» What you will do
Keep the images out while you set down the data exactly.

Data entries:
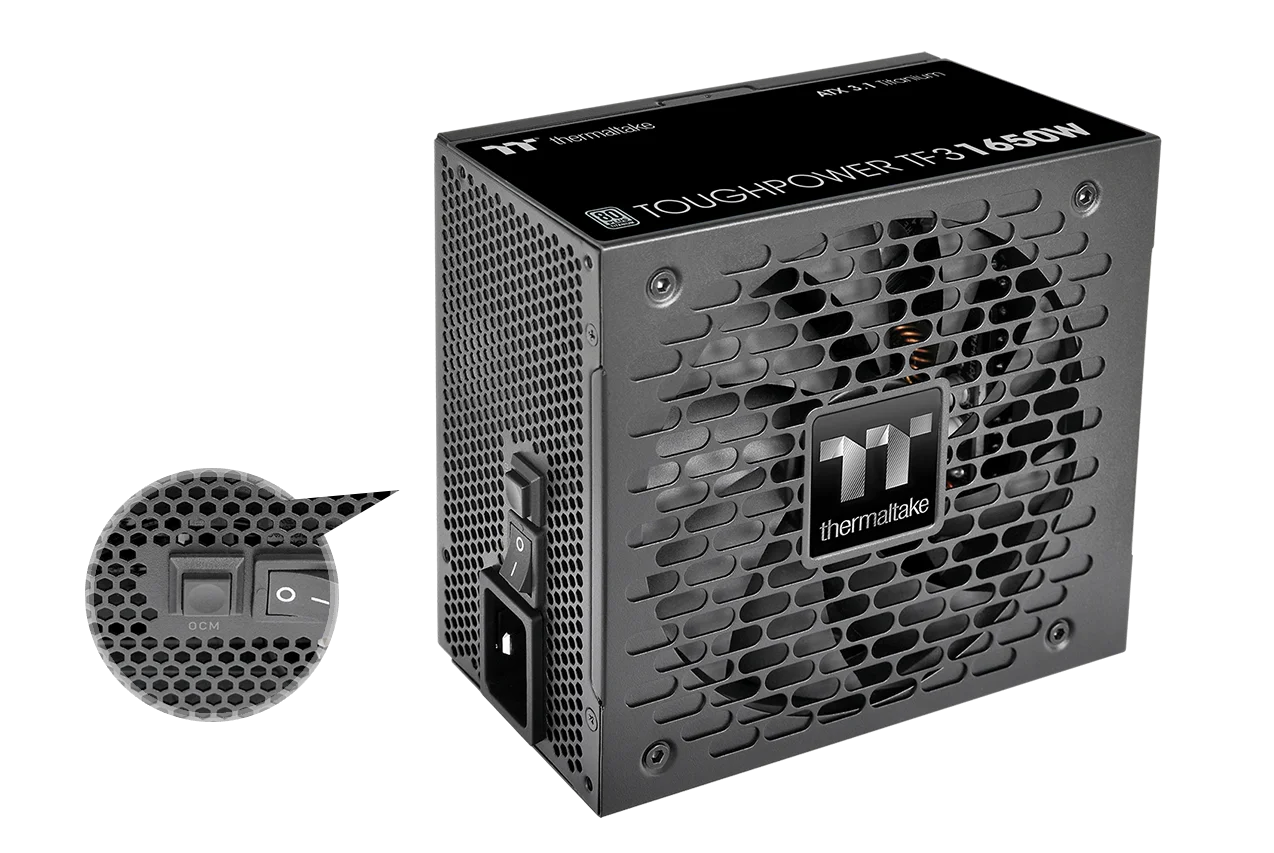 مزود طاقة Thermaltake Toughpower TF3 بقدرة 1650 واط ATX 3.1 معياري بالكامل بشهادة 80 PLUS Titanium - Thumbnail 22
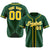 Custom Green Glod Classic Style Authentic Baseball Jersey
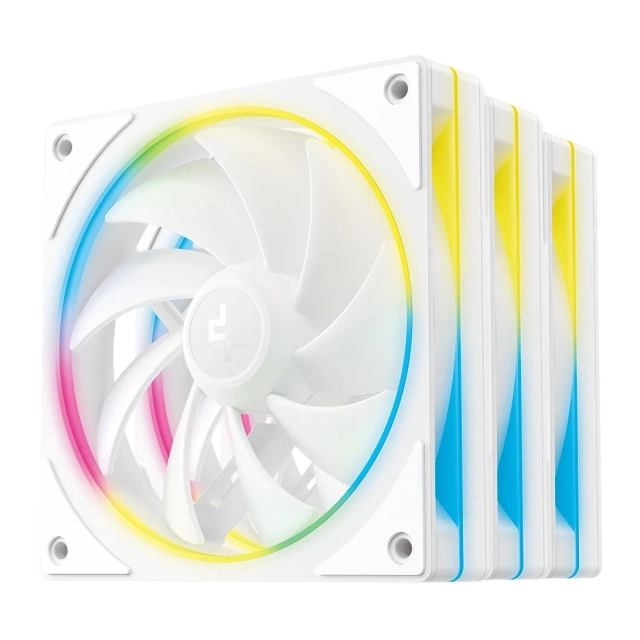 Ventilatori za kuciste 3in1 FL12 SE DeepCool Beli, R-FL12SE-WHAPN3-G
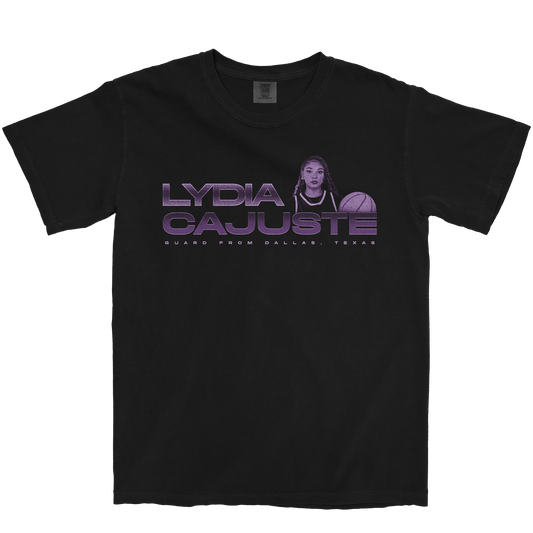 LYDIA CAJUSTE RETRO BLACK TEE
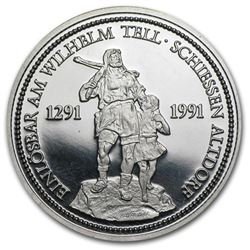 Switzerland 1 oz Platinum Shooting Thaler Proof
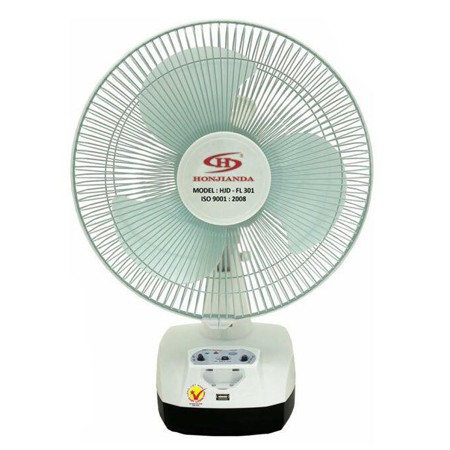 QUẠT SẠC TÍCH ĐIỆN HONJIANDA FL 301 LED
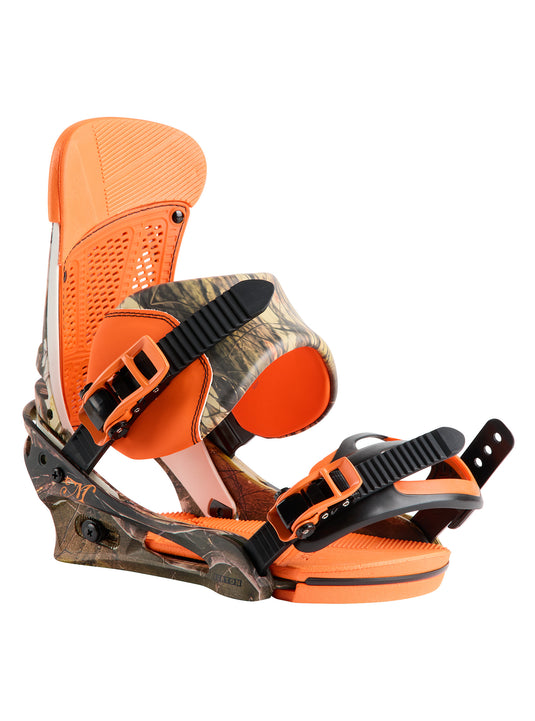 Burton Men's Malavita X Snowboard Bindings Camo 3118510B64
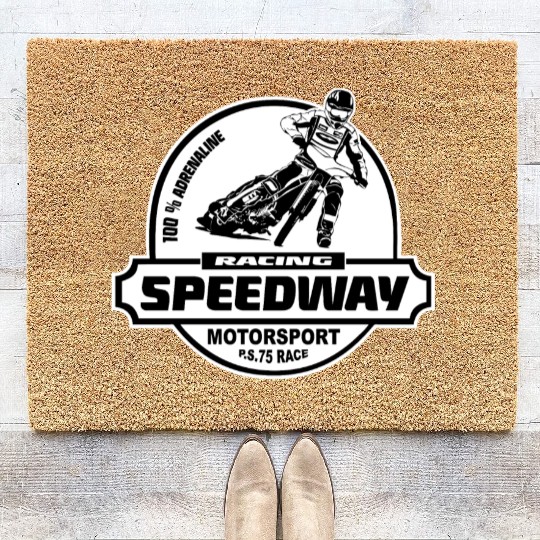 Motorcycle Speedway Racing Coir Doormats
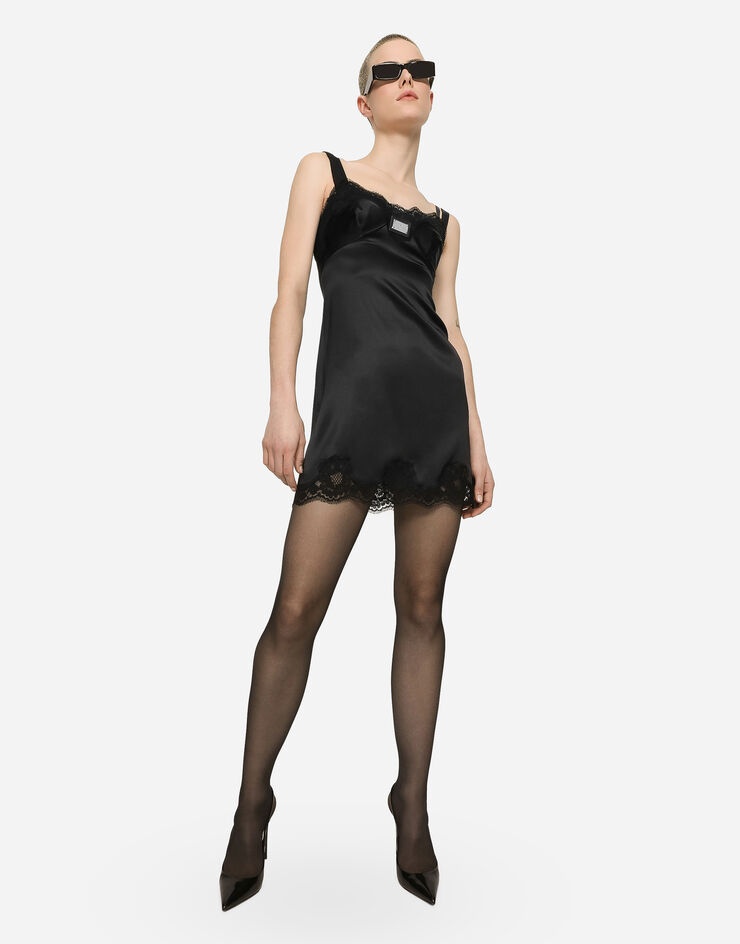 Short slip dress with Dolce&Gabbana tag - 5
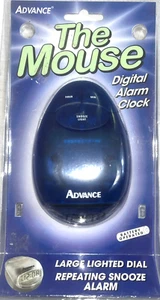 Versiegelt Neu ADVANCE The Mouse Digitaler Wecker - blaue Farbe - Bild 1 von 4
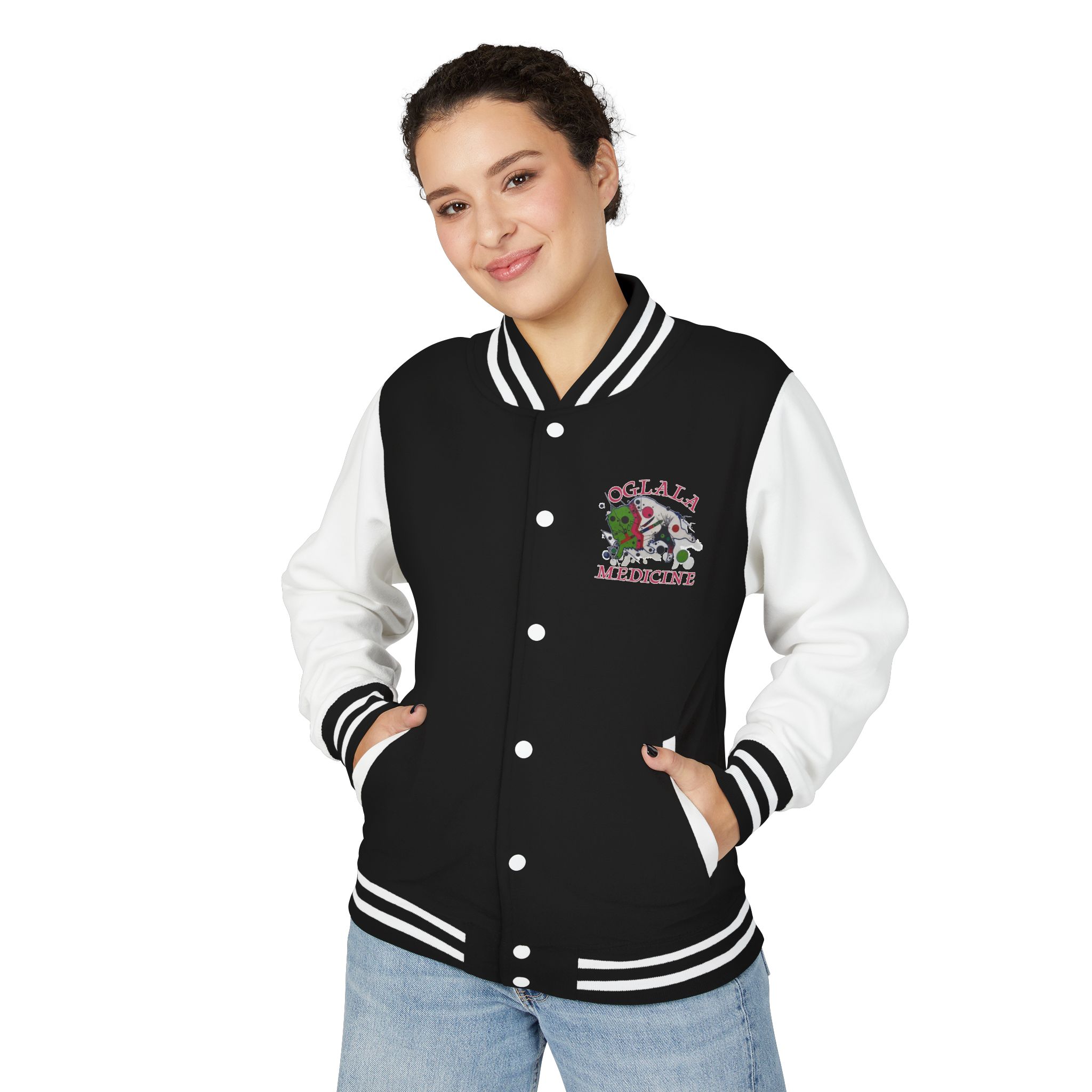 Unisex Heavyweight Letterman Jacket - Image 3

» Answer below
 مزود طاقة Thermaltake Toughpower TF3 بقدرة 1650 واط ATX 3.1 معياري بالكامل بشهادة 80 PLUS Titanium - Thumbnail 22
 Custom Green Glod Classic Style Authentic Baseball Jersey
 Ventilatori za kuciste 3in1 FL12 SE DeepCool Beli, R-FL12SE-WHAPN3-G
 LYDIA CAJUSTE RETRO BLACK TEE
 Switzerland 1 oz Platinum Shooting Thaler Proof
 QUẠT SẠC TÍCH ĐIỆN HONJIANDA FL 301 LED
 Burton Men's Malavita X Snowboard Bindings Camo 3118510B64
 Motorcycle Speedway Racing Coir Doormats
 Short slip dress with Dolce&Gabbana tag - 5
 Versiegelt Neu ADVANCE The Mouse Digitaler Wecker - blaue Farbe - Bild 1 von 4
 Unisex Heavyweight Letterman Jacket - Image 3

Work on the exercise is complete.